The move to call for an urgent inquiry follows claims a private investigator working for the News of the World hacked into murdered schoolgirl Milly Dowler's mobile. Further claims that families of the 7/7 bombing victims may have had their phones hacked have also surfaced.
Director of the Media Standards Trust Martin Moore told PRWeek: ‘The campaign has been in the planning for weeks and we brought some of our activities forward with the news of the Milly Dowler hacking.
‘We believe that only a public inquiry with full powers to call for papers and summon witnesses can explore the full range of issues involved, establish what went wrong and who ordered for the phones to be hacked.’
The campaign is running alongside an online petition and a series of events to bring together people calling for the inquiry.
Moore added: ‘We want to make sure that everyone can have their say, whether they are from the legal profession, the government or the media.
‘Journalists want to clear the air and say they don’t hack and won’t hack and we want to talk to as many of them as we can.’
Home Office minister Baroness Browning has resisted calls in the House of Lords for an immediate independent inquiry.

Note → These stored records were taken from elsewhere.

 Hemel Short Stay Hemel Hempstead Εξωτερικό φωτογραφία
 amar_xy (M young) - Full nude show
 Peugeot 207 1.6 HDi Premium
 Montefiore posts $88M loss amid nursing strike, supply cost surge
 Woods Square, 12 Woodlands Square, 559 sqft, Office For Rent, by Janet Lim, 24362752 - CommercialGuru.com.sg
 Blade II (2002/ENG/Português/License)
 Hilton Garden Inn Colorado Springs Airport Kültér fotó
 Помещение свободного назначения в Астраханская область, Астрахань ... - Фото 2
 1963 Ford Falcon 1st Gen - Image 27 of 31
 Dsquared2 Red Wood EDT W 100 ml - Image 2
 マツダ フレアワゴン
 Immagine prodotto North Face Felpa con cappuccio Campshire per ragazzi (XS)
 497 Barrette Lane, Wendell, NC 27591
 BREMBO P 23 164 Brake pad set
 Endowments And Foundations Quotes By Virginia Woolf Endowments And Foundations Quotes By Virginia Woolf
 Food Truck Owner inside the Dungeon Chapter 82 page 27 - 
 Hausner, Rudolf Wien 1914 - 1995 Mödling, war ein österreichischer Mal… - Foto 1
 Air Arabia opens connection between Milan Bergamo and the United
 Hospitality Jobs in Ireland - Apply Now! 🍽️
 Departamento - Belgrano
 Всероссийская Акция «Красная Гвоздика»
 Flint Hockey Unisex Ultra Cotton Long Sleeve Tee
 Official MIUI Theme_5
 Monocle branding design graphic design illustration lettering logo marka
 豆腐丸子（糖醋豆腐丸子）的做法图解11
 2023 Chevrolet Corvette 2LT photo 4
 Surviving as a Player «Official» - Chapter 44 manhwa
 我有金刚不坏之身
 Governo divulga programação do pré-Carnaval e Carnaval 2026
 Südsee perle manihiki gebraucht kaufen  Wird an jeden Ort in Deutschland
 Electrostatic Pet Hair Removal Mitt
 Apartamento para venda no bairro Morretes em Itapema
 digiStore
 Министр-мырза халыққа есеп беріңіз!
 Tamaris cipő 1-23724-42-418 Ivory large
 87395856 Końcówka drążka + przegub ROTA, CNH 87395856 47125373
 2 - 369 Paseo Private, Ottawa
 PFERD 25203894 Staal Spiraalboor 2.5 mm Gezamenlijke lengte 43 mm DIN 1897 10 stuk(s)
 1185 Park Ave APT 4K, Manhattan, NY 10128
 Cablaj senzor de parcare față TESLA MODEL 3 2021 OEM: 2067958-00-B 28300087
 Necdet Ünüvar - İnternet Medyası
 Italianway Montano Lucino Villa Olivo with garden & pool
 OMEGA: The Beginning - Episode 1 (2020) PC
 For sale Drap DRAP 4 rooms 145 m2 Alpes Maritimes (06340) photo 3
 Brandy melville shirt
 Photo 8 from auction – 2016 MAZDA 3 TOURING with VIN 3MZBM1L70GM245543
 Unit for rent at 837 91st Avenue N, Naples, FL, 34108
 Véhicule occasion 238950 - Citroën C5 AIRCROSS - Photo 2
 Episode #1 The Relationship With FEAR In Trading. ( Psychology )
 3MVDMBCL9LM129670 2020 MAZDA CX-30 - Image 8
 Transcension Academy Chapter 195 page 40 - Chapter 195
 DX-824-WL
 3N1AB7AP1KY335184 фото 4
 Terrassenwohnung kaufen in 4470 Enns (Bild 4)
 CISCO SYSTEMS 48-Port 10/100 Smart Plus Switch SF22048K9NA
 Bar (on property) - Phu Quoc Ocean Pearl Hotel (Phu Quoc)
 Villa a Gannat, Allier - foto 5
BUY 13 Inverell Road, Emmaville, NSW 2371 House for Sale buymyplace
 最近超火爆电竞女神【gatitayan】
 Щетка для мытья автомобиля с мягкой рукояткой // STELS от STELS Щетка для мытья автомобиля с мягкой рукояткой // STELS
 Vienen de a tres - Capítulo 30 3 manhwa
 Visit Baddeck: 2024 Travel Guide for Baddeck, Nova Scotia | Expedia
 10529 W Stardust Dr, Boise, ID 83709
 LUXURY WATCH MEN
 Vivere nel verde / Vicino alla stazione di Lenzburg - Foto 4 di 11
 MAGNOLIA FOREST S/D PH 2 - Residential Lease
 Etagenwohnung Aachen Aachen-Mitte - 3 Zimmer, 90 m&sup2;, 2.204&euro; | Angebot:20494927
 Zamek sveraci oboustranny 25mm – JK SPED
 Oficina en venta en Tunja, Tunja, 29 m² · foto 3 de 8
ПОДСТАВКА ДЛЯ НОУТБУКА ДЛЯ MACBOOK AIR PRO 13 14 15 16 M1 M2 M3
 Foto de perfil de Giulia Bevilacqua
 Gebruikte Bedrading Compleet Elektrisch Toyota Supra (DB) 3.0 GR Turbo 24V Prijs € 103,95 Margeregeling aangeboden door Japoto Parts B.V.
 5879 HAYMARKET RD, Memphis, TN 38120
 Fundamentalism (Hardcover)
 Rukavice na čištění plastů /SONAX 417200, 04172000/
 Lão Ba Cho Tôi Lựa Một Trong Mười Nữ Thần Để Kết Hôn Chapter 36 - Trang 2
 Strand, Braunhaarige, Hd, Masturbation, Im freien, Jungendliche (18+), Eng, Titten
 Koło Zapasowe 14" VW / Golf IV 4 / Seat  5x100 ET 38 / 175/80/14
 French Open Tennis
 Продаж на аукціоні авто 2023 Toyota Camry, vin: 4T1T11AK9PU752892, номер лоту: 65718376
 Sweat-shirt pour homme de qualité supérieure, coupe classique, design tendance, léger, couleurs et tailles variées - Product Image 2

She told peers: ‘A police investigation into allegations of phone hacking is currently under way. It's important that the investigation is allowed to proceed and the conclusions made public.
‘The Government believes it most appropriate to consider the outcomes of the police investigations and the various inquiries before deciding whether any further steps are necessary.’
The campaign will be launched at the College Green in front of the Houses of Parliament from 4pm. The Dowlers’ lawyer, Mark Lewis, Colin Stagg’s solicitor, Jacqui Hames, Lord Prescott and Chris Bryant MP will attend.